Task instructions: Output only an exact transcription of the line containing "Maillot de football haut" and all lines that follow it in the data below.

Short text fragments from websites:
_ _ _ _ _ _ _

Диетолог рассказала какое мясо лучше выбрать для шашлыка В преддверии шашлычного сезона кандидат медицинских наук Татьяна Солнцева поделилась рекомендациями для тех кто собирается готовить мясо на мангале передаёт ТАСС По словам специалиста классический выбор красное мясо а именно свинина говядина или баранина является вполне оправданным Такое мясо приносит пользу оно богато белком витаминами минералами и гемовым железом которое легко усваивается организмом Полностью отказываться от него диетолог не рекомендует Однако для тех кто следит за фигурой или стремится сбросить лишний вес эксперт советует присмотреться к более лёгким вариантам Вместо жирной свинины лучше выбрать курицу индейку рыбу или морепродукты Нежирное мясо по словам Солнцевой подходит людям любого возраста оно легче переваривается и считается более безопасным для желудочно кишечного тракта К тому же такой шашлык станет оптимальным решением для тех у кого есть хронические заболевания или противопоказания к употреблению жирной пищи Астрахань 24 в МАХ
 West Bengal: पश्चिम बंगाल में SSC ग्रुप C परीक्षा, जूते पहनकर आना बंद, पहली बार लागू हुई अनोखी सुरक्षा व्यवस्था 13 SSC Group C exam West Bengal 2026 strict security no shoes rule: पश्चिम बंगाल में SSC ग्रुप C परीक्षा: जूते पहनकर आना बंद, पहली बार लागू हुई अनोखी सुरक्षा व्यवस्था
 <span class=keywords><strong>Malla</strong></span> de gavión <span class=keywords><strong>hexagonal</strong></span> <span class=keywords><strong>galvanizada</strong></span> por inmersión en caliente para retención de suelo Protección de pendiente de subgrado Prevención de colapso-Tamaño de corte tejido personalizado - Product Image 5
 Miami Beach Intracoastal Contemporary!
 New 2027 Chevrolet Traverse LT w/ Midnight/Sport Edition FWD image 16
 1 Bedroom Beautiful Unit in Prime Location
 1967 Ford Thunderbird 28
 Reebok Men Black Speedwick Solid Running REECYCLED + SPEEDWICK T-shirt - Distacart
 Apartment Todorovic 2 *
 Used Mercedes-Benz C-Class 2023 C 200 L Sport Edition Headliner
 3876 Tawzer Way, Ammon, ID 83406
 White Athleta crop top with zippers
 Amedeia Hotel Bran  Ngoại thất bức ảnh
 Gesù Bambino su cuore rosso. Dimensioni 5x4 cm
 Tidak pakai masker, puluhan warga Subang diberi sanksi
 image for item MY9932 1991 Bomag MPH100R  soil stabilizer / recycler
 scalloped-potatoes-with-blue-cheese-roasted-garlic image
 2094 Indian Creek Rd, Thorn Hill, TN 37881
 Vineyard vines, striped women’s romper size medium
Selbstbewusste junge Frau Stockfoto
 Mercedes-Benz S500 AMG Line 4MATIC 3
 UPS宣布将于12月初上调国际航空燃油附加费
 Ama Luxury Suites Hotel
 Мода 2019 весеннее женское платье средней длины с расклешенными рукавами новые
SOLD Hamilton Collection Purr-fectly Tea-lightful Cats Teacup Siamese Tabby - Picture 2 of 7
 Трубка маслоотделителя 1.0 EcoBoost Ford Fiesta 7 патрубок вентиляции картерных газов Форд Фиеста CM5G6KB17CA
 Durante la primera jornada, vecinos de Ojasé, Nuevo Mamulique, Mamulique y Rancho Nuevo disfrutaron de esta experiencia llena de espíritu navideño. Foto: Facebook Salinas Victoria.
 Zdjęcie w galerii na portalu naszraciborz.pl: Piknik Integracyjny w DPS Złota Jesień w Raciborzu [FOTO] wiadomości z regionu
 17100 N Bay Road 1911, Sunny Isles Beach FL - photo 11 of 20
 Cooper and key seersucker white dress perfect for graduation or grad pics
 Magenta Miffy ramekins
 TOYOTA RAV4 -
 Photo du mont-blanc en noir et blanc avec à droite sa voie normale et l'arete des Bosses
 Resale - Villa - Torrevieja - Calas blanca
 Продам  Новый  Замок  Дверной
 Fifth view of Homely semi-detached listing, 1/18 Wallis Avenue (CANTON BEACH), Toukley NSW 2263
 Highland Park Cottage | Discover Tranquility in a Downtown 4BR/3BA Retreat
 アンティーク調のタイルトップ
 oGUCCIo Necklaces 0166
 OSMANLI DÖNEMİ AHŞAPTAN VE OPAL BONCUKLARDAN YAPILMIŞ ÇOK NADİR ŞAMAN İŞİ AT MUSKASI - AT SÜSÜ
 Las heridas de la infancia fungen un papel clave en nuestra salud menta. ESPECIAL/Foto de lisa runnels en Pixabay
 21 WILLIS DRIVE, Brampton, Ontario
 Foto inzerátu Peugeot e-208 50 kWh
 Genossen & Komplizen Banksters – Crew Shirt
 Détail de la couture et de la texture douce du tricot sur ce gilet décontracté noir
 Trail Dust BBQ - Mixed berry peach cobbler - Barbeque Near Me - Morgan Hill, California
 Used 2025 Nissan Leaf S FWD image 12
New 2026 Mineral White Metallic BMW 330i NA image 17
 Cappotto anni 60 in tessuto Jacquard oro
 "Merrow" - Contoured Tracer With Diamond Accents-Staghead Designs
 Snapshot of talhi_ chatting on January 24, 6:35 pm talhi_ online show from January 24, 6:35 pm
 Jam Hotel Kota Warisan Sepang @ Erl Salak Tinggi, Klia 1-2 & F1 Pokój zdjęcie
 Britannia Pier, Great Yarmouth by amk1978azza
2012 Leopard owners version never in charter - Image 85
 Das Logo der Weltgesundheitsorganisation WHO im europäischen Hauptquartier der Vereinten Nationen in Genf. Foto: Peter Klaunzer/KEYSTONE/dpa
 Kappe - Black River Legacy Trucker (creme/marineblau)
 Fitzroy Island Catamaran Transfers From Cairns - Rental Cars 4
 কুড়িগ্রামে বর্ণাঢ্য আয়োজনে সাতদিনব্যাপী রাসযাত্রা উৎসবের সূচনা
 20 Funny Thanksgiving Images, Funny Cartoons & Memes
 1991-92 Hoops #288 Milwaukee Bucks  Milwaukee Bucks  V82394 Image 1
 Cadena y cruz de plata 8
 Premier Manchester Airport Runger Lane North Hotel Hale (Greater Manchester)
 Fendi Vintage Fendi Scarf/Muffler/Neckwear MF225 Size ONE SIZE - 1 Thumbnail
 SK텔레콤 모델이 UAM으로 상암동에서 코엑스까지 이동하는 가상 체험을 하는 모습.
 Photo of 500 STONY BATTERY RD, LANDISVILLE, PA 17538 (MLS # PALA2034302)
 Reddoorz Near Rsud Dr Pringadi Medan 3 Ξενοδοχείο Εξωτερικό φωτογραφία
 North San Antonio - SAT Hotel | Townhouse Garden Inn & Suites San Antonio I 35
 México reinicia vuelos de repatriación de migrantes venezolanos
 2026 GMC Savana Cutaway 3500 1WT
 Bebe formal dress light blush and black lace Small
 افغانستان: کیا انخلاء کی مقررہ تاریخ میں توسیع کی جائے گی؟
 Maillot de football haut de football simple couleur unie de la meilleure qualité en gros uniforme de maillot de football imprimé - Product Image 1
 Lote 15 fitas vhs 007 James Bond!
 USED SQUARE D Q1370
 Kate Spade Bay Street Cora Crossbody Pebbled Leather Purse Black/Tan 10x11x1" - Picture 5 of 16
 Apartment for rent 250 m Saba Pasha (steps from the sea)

_ _ _ _ _ _ _

Task result:
 Maillot de football haut de football simple couleur unie de la meilleure qualité en gros uniforme de maillot de football imprimé - Product Image 1
 Lote 15 fitas vhs 007 James Bond!
 USED SQUARE D Q1370
 Kate Spade Bay Street Cora Crossbody Pebbled Leather Purse Black/Tan 10x11x1" - Picture 5 of 16
 Apartment for rent 250 m Saba Pasha (steps from the sea)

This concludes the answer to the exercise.